**What this task involves:** Wherever a picture appears, leave it out; set down everything else in the records exactly.

** Records for the exercise follows **

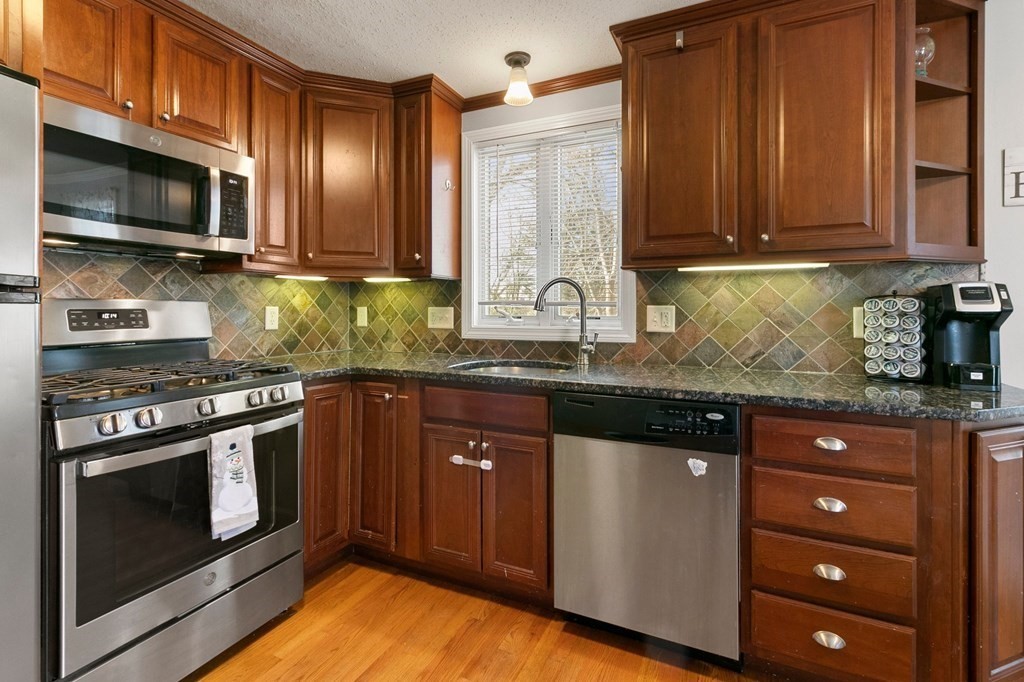190 West Allen Ridge Road Springfield, MA 01118 - Photo 11 of 39 a kitchen with stainless steel appliances granite countertop a stove a sink and a microwave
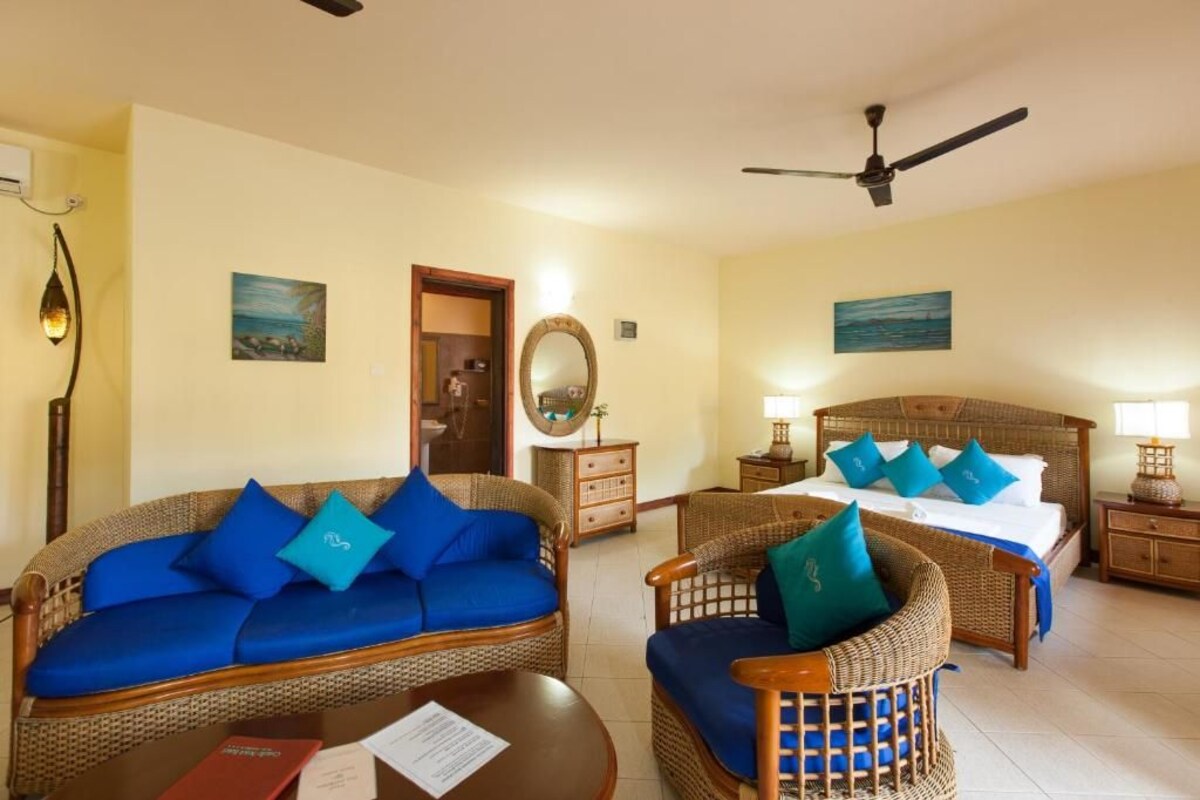 A room with a bed, two wicker sofas with blue cushions, a wooden table, a ceiling fan, and a mirror on the wall.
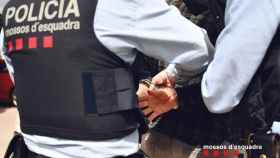 Dos agentes de los Mossos esposan a un detenido: un hombre ha sido arrestado por cultivar marihuana en El Pla / MOSSOS D'ESQUADRA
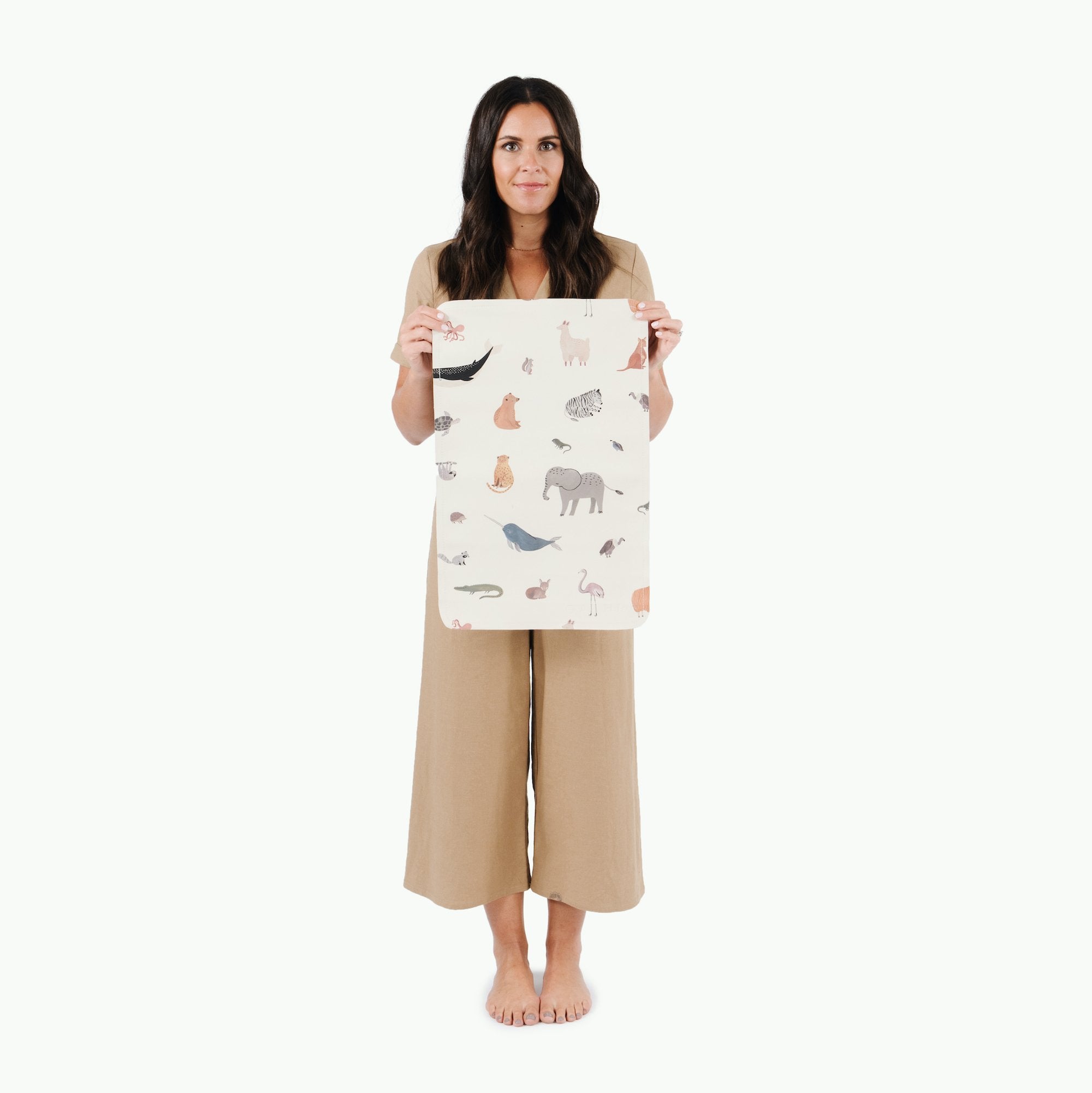 Menagerie@Woman holding the Menagerie Micro mat 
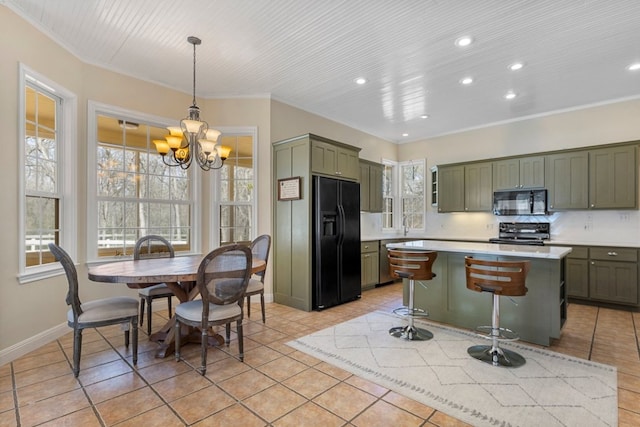 kitchen featuring a kitchen breakfast bar, a center island, light countertops, black appliances, and light tile patterned flooring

** End of Records for the exercise **

**Written solution:**
190 West Allen Ridge Road Springfield, MA 01118 - Photo 11 of 39 a kitchen with stainless steel appliances granite countertop a stove a sink and a microwave
 A room with a bed, two wicker sofas with blue cushions, a wooden table, a ceiling fan, and a mirror on the wall.
 Dos agentes de los Mossos esposan a un detenido: un hombre ha sido arrestado por cultivar marihuana en El Pla / MOSSOS D'ESQUADRA
 Menagerie@Woman holding the Menagerie Micro mat 
 kitchen featuring a kitchen breakfast bar, a center island, light countertops, black appliances, and light tile patterned flooring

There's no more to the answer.